If you looked at the backgrounds of everyone who entered the videogame industry prior to my 1992 debut, the vast majority of them collectively built what was to become the “industry”. Some of them were truly indies, building games, and distributing them in sandwich bags and such.

Later on, a bunch of people saw opportunities to make money off these enterprising, and smart geeks. They became known as “publishers”. Most of them were run by people who were, pure, thieving, bastards.

But this is my story, we don’t care about them.

I have a detailed accounting of how I got here, from the notes journal which I’m using to write my impending bio (it’s going to drive a bunch of people stark, raving, mad – guaranteed). I will clean it up, and post it at some later date.

Fact is, unlike most who dropped in from college, other jobs, hobbies etc, I just kinda dropped in. Since back around 1988 when I was working the sci-fi story, and the game around it etc, I was playing other people’s game. They were already there before I even decided to join in the madness within.

I didn’t know anyone in the business back then. Just a bunch of people who I connected with directly through their games. It’s weird, I know. In the past two decades or so, even before the industry made it easy for anyone to jump into the fray, you could trace most people’s career path from college, school, mod scene, or QA, all the way up the ranks.

Not me.

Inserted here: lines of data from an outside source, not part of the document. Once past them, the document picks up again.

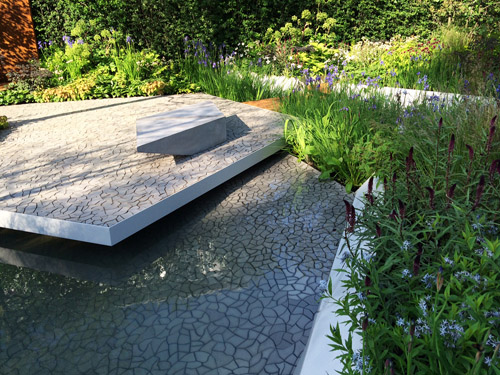 KAZAs contribution to the show garden is the true manifestation of todays unprecedented possibility of extreme bespoke tile design and manufacturing. The seamless cracked earth surface serves as a symbolic yet very real pattern for the waterscape theme of the project.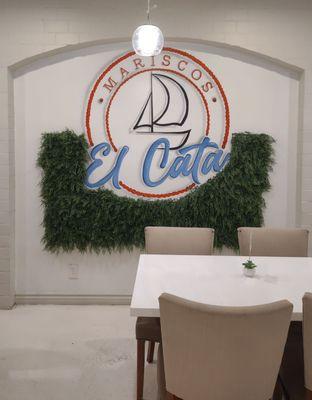 Business logo on a dining room wall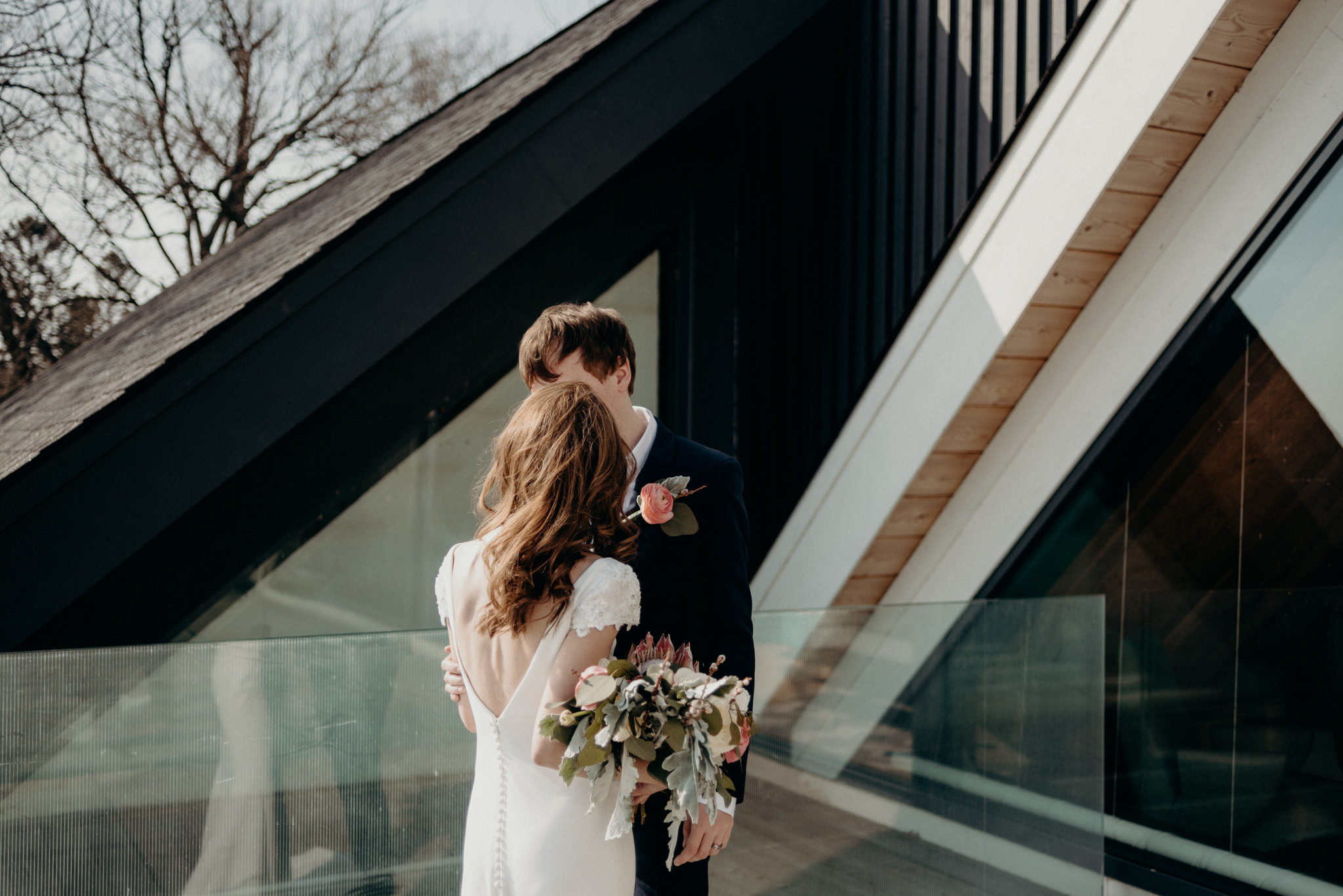 couple on patio in winter outside aframe cabin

Nope. Never had an industry job of any kind. My work experience resume, after 1992, pretty much consists of the publishers who carried my games. Below is the list.

After the mishap of my first game, I wanted to be in complete control of my games, my destiny, and my future. To that end, I did everything I could to remain indie. So, in a sense, I’ve been indie since 1988 or thereabouts.

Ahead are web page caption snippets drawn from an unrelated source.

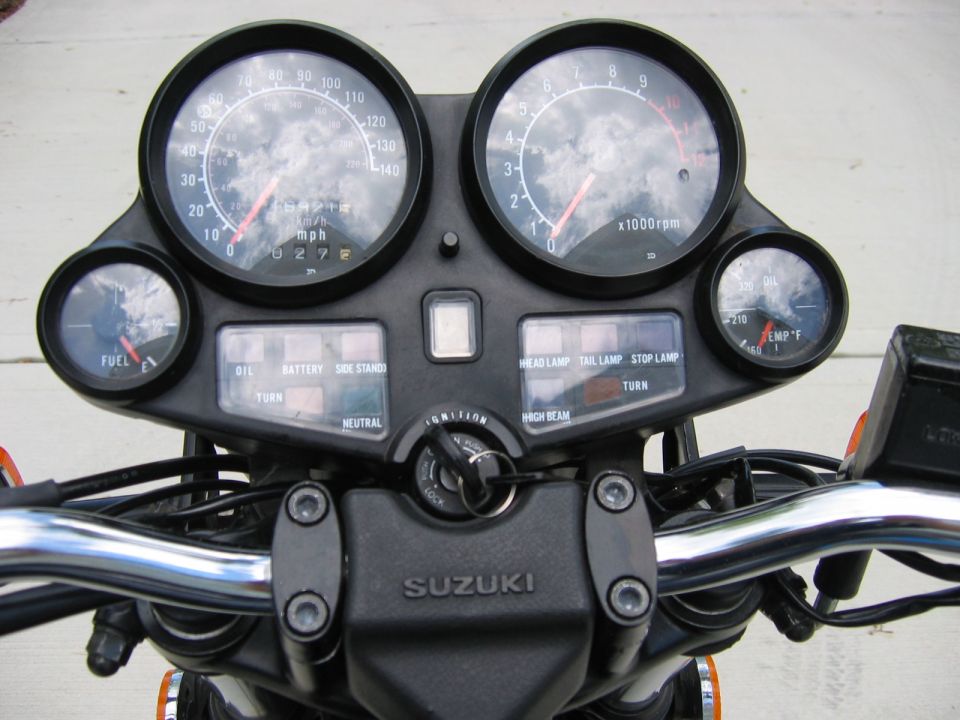Motorcycle dashboard with speedometer, tachometer, fuel gauge, oil temperature gauge, and indicator lights. Suzuki logo visible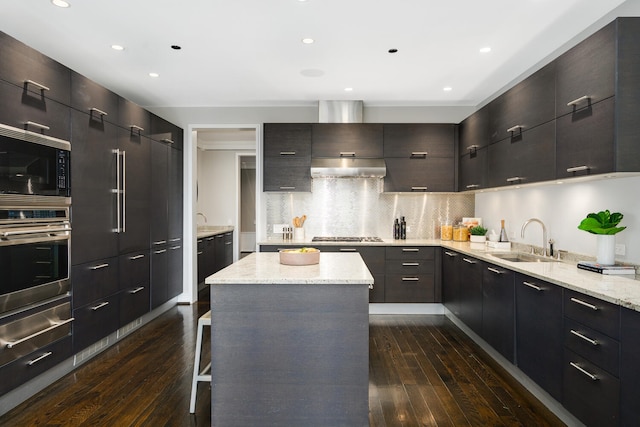 kitchen featuring sink, dark wood-type flooring, stainless steel appliances, a breakfast bar, and decorative backsplash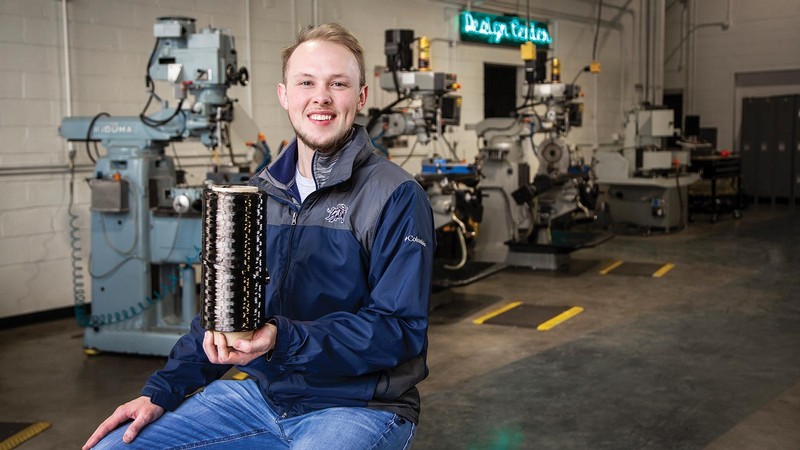Elijah Kimmel poses with a spool of material in a USU manufacturing lab.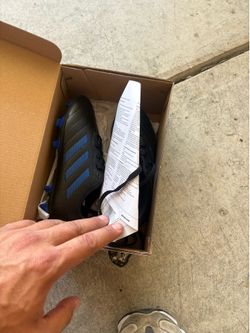 Soccer cleats still in box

So once the Battlecruiser 3000AD (BC3K) fiasco blew over, the only other mainstream publisher that I worked with, was Dreamcatcher (now defunct). From that point on, everything was self-published (online, in stores), third-party distributed etc.

GT VALUE (the UK subsidiary of GT Interactive)

Picked up the European rights to distribute BATTLECRUISER 3000AD v2.08 in mid ’99. The title was released in Europe in October ’99.

INTERPLAY PRODUCTIONS

Picked up the rights to distribute BATTLECRUISER 3000AD v2.0 in June ’98 with a first rights to refusal option to the full sequel, BATTLECRUISER 3020AD. The game was delivered in September ’98 and released in December ’98. 1999 opened with a flurry of great reviews for this industry classic.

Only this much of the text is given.